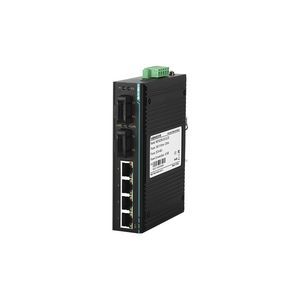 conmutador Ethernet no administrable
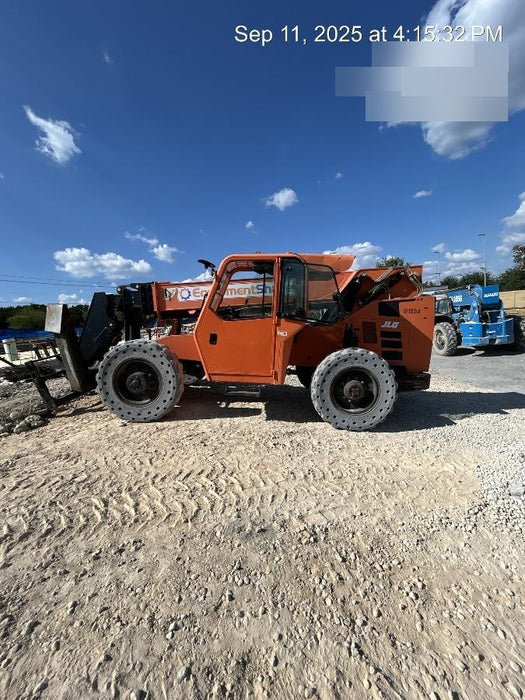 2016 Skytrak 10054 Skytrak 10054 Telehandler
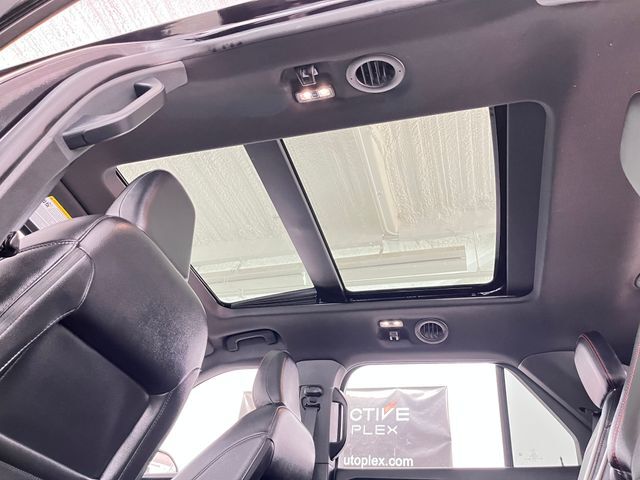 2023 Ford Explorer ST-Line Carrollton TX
--
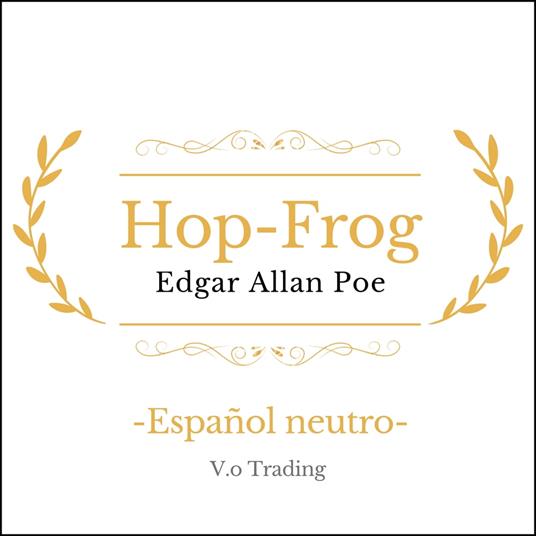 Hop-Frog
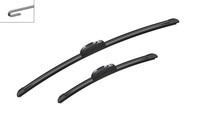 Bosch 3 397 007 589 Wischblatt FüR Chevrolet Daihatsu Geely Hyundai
* * *
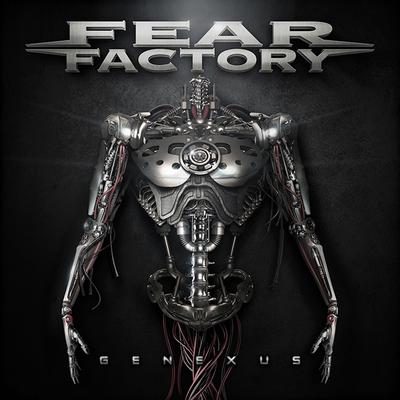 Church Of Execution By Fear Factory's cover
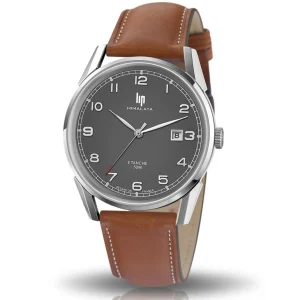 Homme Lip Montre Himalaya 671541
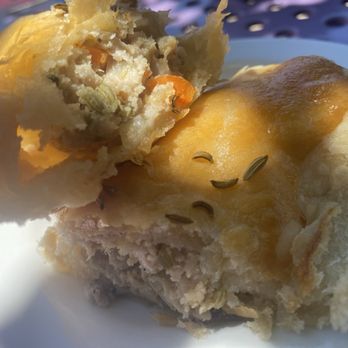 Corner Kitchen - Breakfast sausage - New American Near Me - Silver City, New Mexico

• Problem requirements
Beginning with the line that contains "conmutador Ethernet no administrable", write out the lines of the material above exactly, and end with the line that contains "2023 Ford Explorer ST-Line Carrollton TX". Omit the pictures.

• Exercise output
 conmutador Ethernet no administrable
 2016 Skytrak 10054 Skytrak 10054 Telehandler
 2023 Ford Explorer ST-Line Carrollton TX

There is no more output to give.